L’agriculture du Nouveau Monde repose sur deux traditions divergentes : la première, caractéristique du sud de l’Amérique centrale, est fondée sur la reproduction « végétative », c’est-à-dire par boutures. Les produits donnent des fécules et du sucre, peu de protéines et de graisses (cas du manioc et de la patate douce). La seconde, fondée sur la plantation des graines, est plus septentrionale. Il est possible que ces traditions soient issues de deux inventions indépendantes. Notons que certains américanistes contestent actuellement l’importance du maïs par rapport aux autres plantes comme base alimentaire. La technique de défrichement employée est l’essartage.

Parmi les premières plantes choisies par l’homme en Amérique centrale pour être cultivées, citons l’amarante et le chénopode apparenté au « quinoa » andin.

Aux alentours de 1400 av. J.-C., l’économie repose sur les trois éléments suivants : maïs, courges, haricots. La courge est plus ancienne que le maïs et le haricot. Elle était vraisemblablement cultivée pour les protéines de ses graines, mais les fleurs et les feuilles étaient aussi consommées. Le maïs est le résultat d’un croisement entre le maïs sauvage et le téosinte. Le haricot, riche en protéine, constituait un appoint important en raison de l’absence d’animaux domestiques.
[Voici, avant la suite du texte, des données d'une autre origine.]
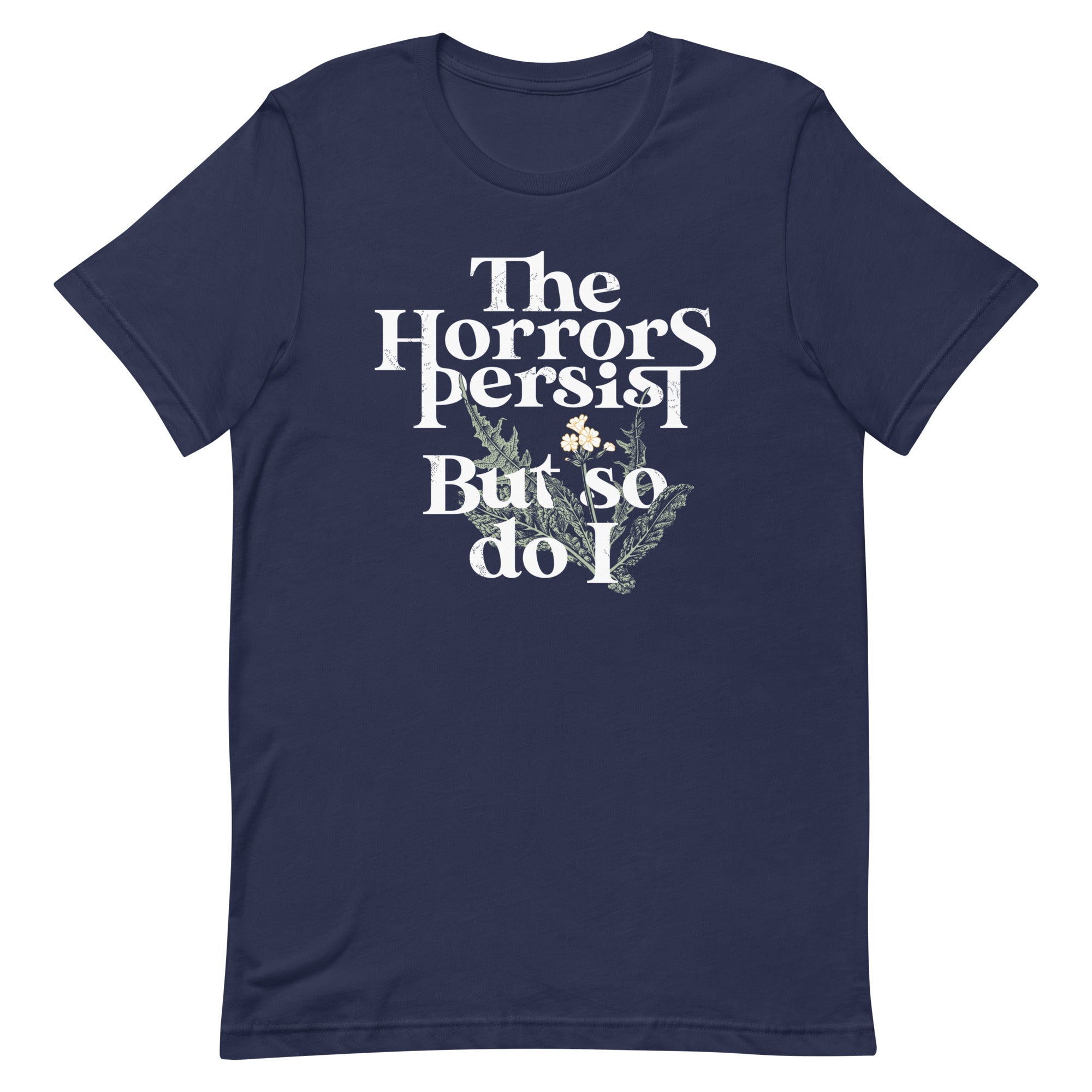 The Horrors Persist But So Do I Men's Signature Tee Hoodie, Sweatshirt | CoreVibeTees.com (Image 5)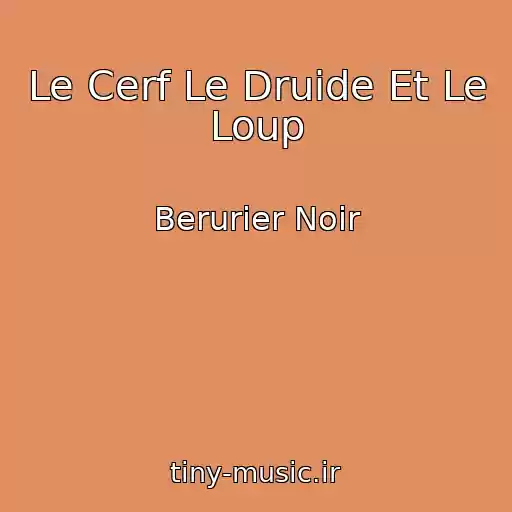 کاور آهنگ Le Cerf Le Druide Et Le Loup از Berurier Noir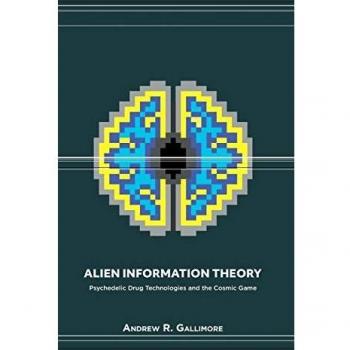 Alien Information Theory: Psychedelic Drug Technologies and the Cosmic Game (Hardcover Edition)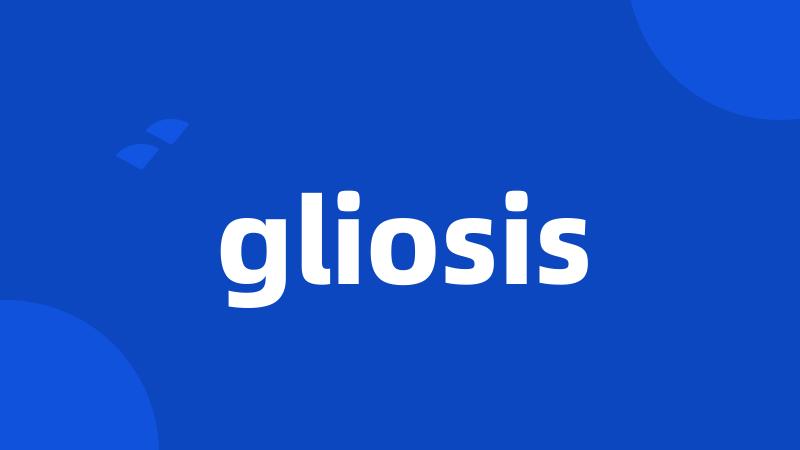 gliosis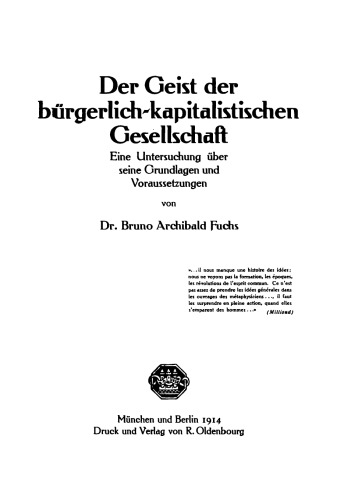 Der Geist der bürgerlich-kapitalistischen Gesellschaft: Eine Untersuchung über seine Grundlagen und Voraussetzungen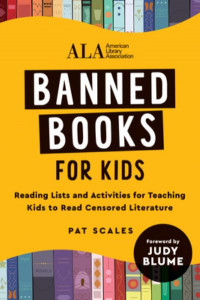 Banned Books for Kids by Pat R. Scales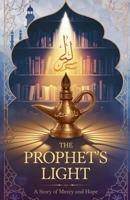 The Prophet's Light (Young Adult Fiction: Religious - Muslim) B0FS9S8W76 Book Cover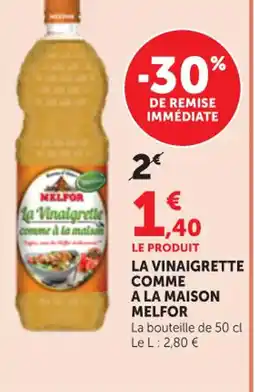 Maximarché MELFOR La vinaigrette comme a la maison offre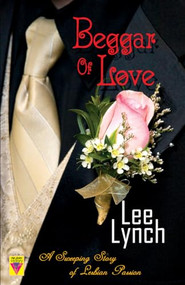 Beggar of Love by Lee Lynch, 9781602821224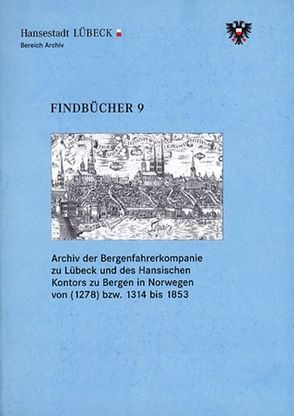 Archiv der Bergenfahrerkompanie zu Lübeck und des Hansischen Kontors zu Bergen in Norwegen von (1278) bzw. 1314 bis 1853 von Asmussen,  Georg, Simon,  Ulrich, Wiehmann,  Otto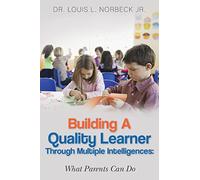 Building a Quality Learner Through Multiple Intelligences: What Parents Can Do: Volume 2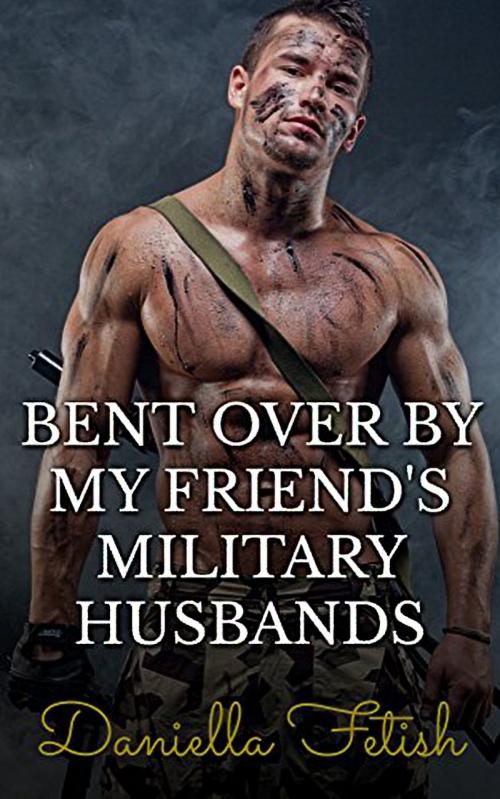Cover of the book Bent Over By My Friend's Military Husbands by Daniella Fetish, 25 Ea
La zone du Sud-Est asiatique est l’objet d’études intensives. Les spécialistes remettent en question bien des idées acquises et critiquent sévèrement les schémas évolutifs des économies productives proposés jusque-là. Dès 1945, A. G. Haudricourt et L. Hedin avaient placé un foyer indo-océanien d’origine de l’agriculture et de domestication des plantes. Carl Ortwin Sauer, en 1952, reprend l’idée et fait de ce centre l’un des plus anciens. L’environnement végétal, dans cette partie du monde, est exceptionnellement riche. Pierre Gourou (1966) a parlé d’une véritable « civilisation du végétal ». Pour Jacques Barrau (1970), le monde occidental appartient à une civilisation céréalicultrice et bouvière ; aussi acceptons-nous volontiers l’idée d’une grande révolution agricole et « civilisatrice » ayant pris naissance dans le Croissant fertile du VIIIe millénaire. Là furent domestiquées, notamment, nos céréales, aliments végétaux nobles par excellence à nos yeux. S’il est exact que l’apparition de ces denrées agricoles, sèches, aisément divisibles, propres aux échanges commerciaux et au stockage, permit une transformation profonde du mode de vie humain, l’interprétation sommaire d’un tel événement conduit trop souvent à des conclusions hâtives, manifestement ethnocentriques.